While Isner was never expected to go the distance and win the US Open, his standing in world tennis meant that fans from all over the glob – not just the US – would have assumed that the American would have made it into the latter rounds of the competition, especially because the tournament is held so close to home. While Flushing Meadows is still nearly a 12-hour drive from Isner’s home state of North Carolina, it is most certainly still classed as familiar territory for him and he really does need to give the fans a more lasting impression on this Grand Slam event.
For Isner, the problem is not so much his tennis, it is just the need to rectify his recent performances in this illustrious competition next time around, as he cannot keep disappointing in front of his own fans, especially when ranked as the number one American male currently in the game.
Any momentum Sharapova had gained from here fiery encounter with Ana Ivanovic in the third round came to an abrupt half when Caroline Wozniacki dumped her out of the competition in the next fixture in the tournament tree.
Sharapova had come under criticism post match for her assessment of Ivanovic’s late time-out during the third round encounter, claiming that the call knocked her off the role she was on and that certainly proved the case against Wozniacki. For Sharapova, it is the second Grand Slam in a row that she has failed to reach the quarter-finals and that must surely be a worry for her – despite clinching the French Open, which is the preceding ‘major’ to Wimbledon and the US Open.
That success came back in June though and the victory can also be chalked up to her enjoyment of the tournament – the Russian has reached the final on all three of her last attempts and won the completion on two of those encounter (2012, 2014) – so it is still fair to assume that her tennis needs some attention going into her next competition.
Although still a hugely prominent figure in the world of tennis, Sharapova will need to maintain her own high standards if she is to once more contend with the likes of Serena Williams and newcomers such as Simona Halep. Her current ATP tour ranking of sixth is evidence of her longevity at the top of world tennis, so it is a case of more of the same – and some improved, consistent performances – if she is to remain a key figure.
The eldest Williams sister was eliminated from this year’s competition by Sara Errani, after the Italian completed a remarkable turn-around after being as close as two points away from defeat in the third round.
There has been lots of speculation that the Williams’ camp are not happy that Venus had her singles match so soon after a doubles match with her sister Serena – in a match that could have gone some way to giving Venus some fatigue against Errani.
The real issue is, however, that Venus has now not even come close to a Grand Slam title run in as many as five years and her slip down the rankings – while her 32-year-old sister Serena has peaked we might add – is an indication that this may be a superstar in decline.

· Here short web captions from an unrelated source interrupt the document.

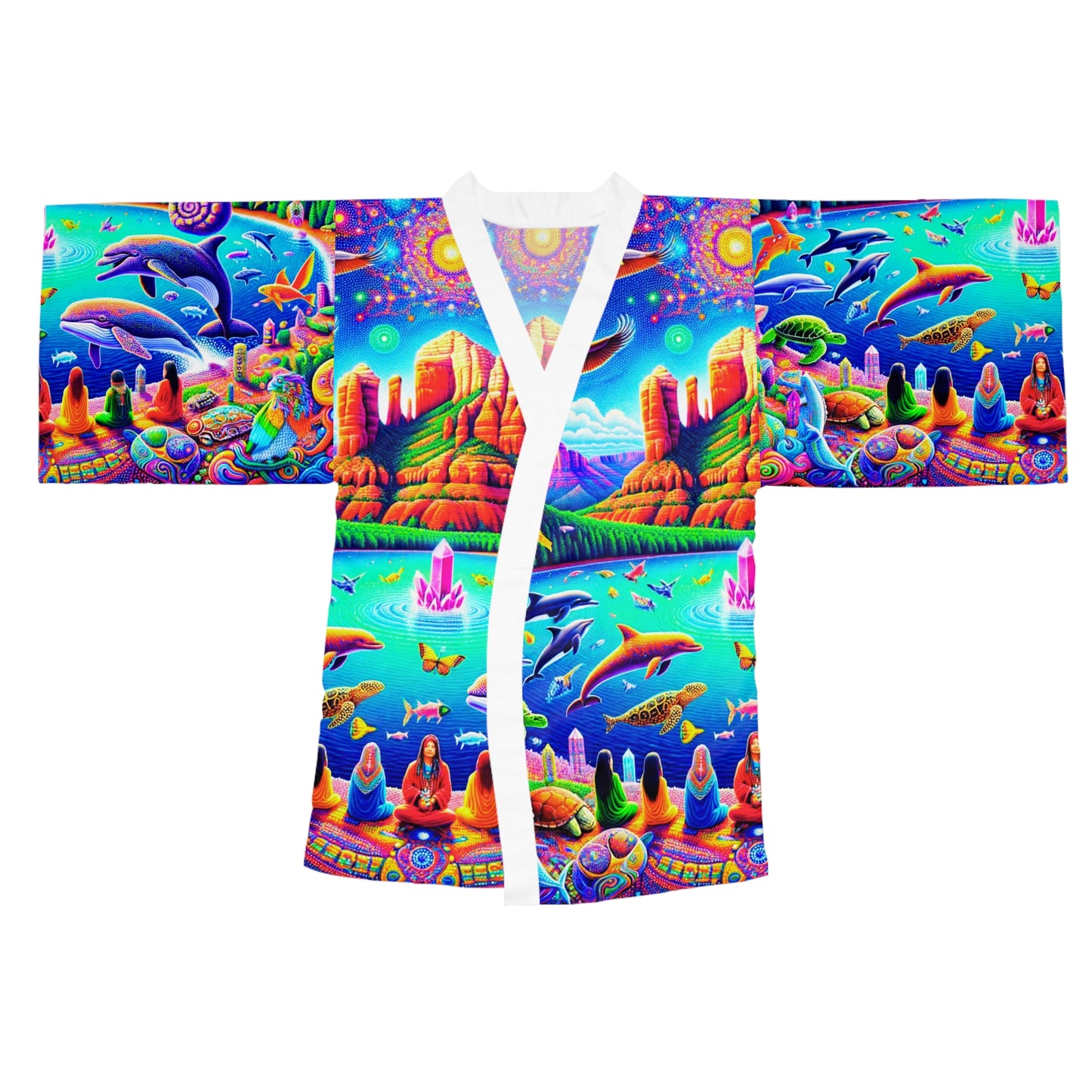 Dream Awake-Vibrant Long Sleeve Kimono Robe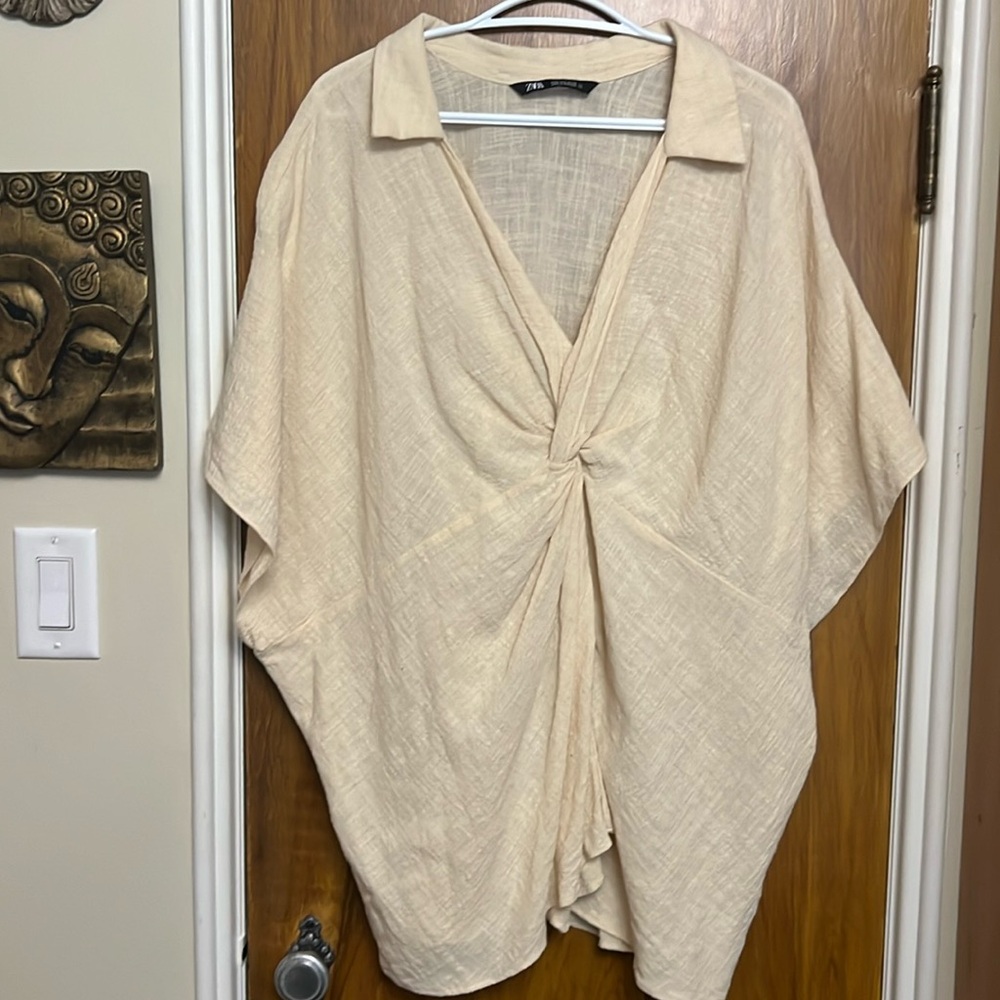Zara Cream Knotted Blouse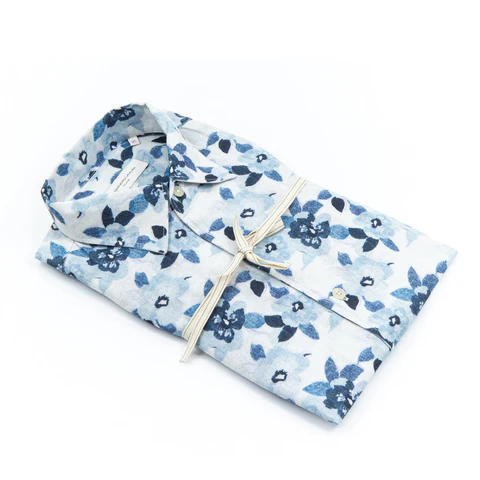 Camicia Fantasia Floreale Azzurro e Blu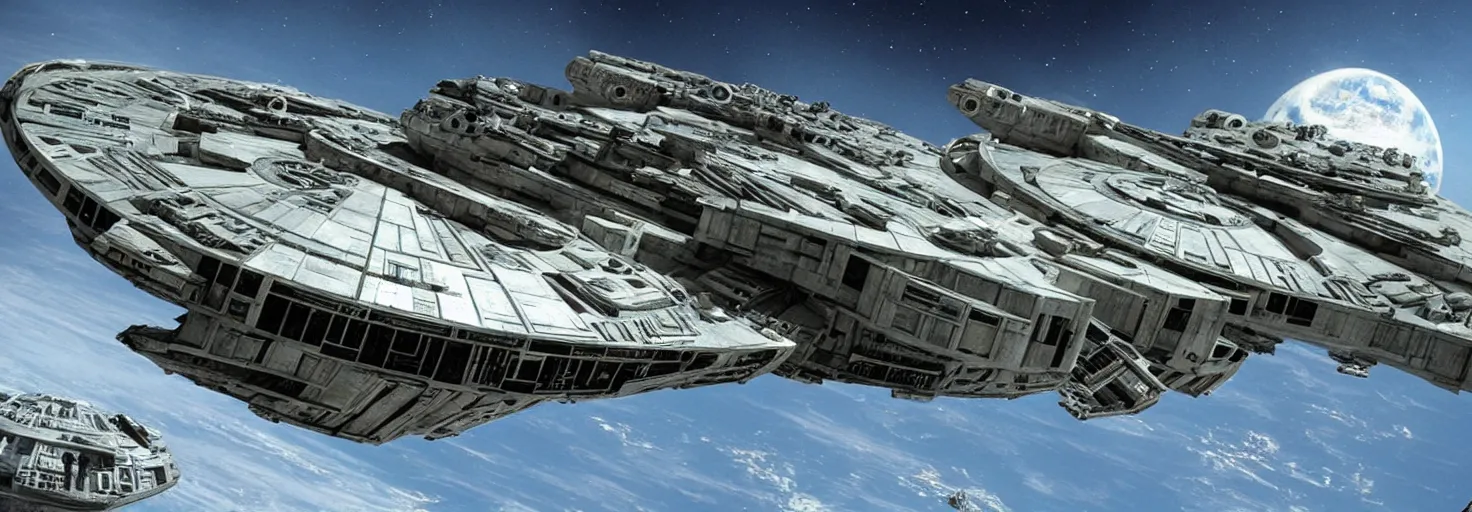 Prompt: star wars millenium falcon entering the death star gigantism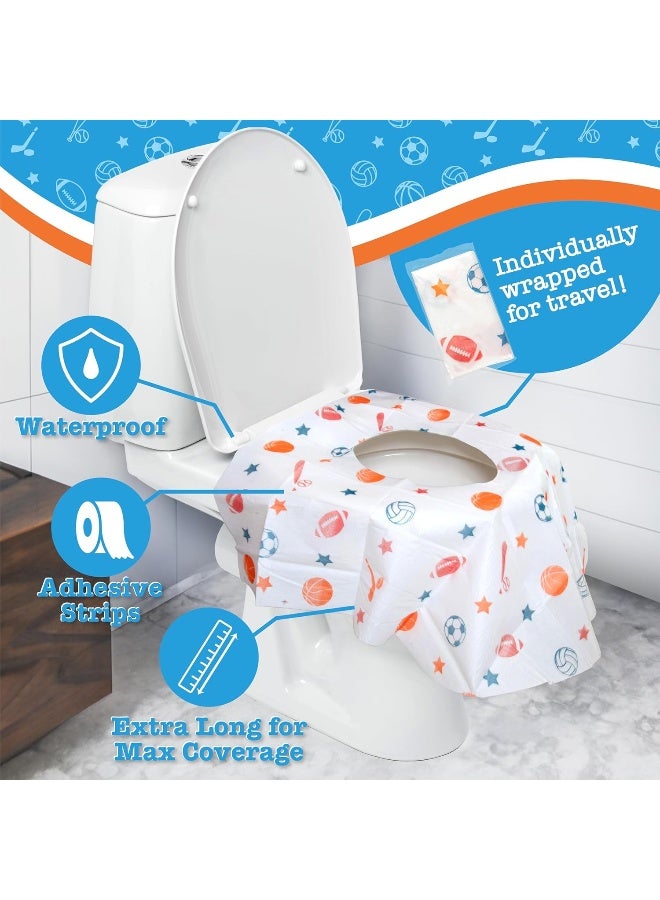 Potty Shields أغطية مقاعد المرحاض القابلة للتصرف (20 عبوة، رياضية) - غطاء مرحاض XL مقاوم للماء للأطفال، والكبار - محمول ومغلف بشكل فردي للسفر، وتدريب الحمام، والحمامات العامة - Image 3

It is unquestionably too early to say that Venus is done for good, but failing to win a Grand Slam in as many as five years will simply be considered not good enough by many, especially when her sister is as many as 3,000 points clear in the WTA Women’s rankings.
She did end her trophy drought in early 2014 – when winning the Maluta Madrid Open and becoming the seventh oldest woman in history to win a WTA singles title in the process – but that will all be forgotten if Venus cannot reach the lofty heights of previous years when she next takes to the Grand Slam stage.
It remains to be seen how many of the tennis stars in this list will recover and rebuild after their US Open exits, but one thing’s for sure; the remainder of the competition is set to spark plenty of fireworks and there will certainly be lots of drama as the tournament reaches its climax within the Arthur Ashe Stadium.